Une équipe franco-allemande du laboratoire PACEA (université de Bordeaux-CNRS-Ministère de la Culture), du Römisch-Germanisches Zentralmuseum et du Max Plank Institute (Nicolas Antunes, Wulf Schiefenhövel, Francesco d’Errico, William Banks, Marian Vanhaeren) s’est intéressée à la question du lien possible entre la répartition géographique des langues et l’environnement en conduisant une étude à très fine résolution spatiale sur l’ensemble de la Nouvelle-Guinée. Pour cela, l’équipe a eu recours à une approche statistique multivariée : la modélisation de niches éco-linguistique, une méthode empruntée au domaine de la biodiversité.

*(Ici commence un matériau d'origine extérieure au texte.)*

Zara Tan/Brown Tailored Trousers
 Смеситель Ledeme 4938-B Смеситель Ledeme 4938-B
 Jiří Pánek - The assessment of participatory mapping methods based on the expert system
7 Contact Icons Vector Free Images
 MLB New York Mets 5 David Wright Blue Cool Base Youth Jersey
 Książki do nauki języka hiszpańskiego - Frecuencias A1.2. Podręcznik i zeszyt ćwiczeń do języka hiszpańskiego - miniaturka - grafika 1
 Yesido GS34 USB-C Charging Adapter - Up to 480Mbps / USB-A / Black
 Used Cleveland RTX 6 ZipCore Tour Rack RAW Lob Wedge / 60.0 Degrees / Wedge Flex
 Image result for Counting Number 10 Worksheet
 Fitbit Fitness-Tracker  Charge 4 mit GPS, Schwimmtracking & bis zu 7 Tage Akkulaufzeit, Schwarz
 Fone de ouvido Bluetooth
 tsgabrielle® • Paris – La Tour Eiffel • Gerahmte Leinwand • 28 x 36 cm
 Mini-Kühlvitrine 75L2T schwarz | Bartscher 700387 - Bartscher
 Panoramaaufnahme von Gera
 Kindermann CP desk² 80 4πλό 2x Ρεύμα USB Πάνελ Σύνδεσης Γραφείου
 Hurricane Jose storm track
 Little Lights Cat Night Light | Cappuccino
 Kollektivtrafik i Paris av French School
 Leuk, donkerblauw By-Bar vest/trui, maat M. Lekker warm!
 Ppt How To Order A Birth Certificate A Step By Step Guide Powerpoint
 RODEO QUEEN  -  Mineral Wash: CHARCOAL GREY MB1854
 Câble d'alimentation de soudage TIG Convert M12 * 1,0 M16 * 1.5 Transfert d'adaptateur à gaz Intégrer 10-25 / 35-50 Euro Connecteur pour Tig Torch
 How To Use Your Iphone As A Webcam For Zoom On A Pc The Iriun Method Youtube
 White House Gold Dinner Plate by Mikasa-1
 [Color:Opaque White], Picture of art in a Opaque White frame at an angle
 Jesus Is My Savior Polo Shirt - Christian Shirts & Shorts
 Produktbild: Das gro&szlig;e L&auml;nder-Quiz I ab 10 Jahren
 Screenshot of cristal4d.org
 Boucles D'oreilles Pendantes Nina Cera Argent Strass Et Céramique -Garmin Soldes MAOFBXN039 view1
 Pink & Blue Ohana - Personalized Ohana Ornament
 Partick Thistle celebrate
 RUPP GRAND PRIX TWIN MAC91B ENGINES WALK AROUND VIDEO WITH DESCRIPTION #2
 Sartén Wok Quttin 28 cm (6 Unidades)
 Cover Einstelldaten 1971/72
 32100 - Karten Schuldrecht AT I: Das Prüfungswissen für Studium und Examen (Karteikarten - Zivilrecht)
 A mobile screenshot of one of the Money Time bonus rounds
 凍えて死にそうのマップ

Cette approche inédite offre pour la première fois un moyen de prendre en compte simultanément une série de variables environnementales et de tester leur influence sur chaque groupe linguistique indépendamment. Ainsi, il n’est pas établi d’apriori quant à un impact équivalent des facteurs environnementaux sur la répartition spatiale des groupes linguistiques pouvant avoir des stratégies de subsistance ou des adaptations socioculturelles qui leur sont propres. Parmi les 29 groupes linguistiques étudiés de l’archipel de Nouvelle-Guinée, différents types de corrélations avec l’environnement ont été identifiés.

Les chercheurs ont constaté que la plupart des groupes linguistiques partagent leur niche éco-linguistique avec d’autres groupes linguistiques. Cela suggère qu’il n’y a pas de corrélation claire entre l’environnement et la répartition géographique de ces groupes. Ainsi, il semble probable que d’autres facteurs, tels que ceux dépendant d’aspects psycho-sociaux, historiques ou culturels, jouent des rôles plus décisifs dans les diversifications linguistiques.

Enfin, et contrairement à ce qui est observé pour les groupes linguistiques, les familles linguistiques présentent peu de similitudes entre leurs niches respectives. Cela pourrait signifier que l’environnement joue un rôle plus conséquent dans l’expansion et la répartition des populations parlant des langues appartenant à une même famille linguistique.

Ces résultats devraient avoir des implications importantes pour les futures recherches ethnolinguistiques, ethnoarchéologiques et archéologiques en Nouvelle-Guinée comme ailleurs, car ils offrent un cadre commun dans lequel des variables environnementales, linguistiques, psycho-sociales et culturelles peuvent être corrélées de manière systématique.

Il peut être espéré qu’à terme la fascinante diversité linguistique et culturelle de l’humanité puisse être mieux cernée.

Référence de l’article : Nicolas Antunes, Wulf Schiefenhövel, Francesco d’Errico, William E. Banks, Marian Vanhaeren. Quantitative methods demonstrate that environment alone is an insufficient predictor of present-day language distributions in New Guinea. PLOS ONE.